• **Material provided**:
BEGIN
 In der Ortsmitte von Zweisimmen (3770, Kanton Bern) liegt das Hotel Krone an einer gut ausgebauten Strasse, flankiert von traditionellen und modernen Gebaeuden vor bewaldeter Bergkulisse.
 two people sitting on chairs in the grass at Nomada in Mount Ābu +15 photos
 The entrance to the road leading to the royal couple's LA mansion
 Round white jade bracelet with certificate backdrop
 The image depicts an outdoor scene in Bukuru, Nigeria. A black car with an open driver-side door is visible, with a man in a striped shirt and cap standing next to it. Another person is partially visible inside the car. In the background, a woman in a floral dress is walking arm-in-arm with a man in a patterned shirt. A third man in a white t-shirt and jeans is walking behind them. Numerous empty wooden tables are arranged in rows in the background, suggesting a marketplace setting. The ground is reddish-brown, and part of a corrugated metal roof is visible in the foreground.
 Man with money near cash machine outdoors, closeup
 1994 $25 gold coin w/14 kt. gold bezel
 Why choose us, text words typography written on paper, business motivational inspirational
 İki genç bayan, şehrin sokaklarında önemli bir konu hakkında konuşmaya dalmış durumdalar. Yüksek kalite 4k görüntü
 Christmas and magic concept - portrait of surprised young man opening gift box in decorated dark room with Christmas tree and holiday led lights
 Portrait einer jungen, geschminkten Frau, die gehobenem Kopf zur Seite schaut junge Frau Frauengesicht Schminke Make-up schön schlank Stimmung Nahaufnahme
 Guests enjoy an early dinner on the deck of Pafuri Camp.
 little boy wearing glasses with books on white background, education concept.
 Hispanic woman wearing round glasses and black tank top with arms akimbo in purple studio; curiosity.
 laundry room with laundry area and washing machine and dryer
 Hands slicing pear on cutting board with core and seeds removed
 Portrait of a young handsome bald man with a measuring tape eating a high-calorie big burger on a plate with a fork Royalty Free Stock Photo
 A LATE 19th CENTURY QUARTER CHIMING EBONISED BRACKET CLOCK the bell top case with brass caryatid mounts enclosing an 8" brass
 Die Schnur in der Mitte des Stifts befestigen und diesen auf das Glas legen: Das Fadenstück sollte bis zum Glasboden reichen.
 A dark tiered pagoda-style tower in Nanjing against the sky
END
• **Assignment**:
A verbatim copy of the listing above, starting from the line with "Die Schnur in" and running to its last line, is the only output needed.

• **Finished exercise**:
 Die Schnur in der Mitte des Stifts befestigen und diesen auf das Glas legen: Das Fadenstück sollte bis zum Glasboden reichen.
 A dark tiered pagoda-style tower in Nanjing against the sky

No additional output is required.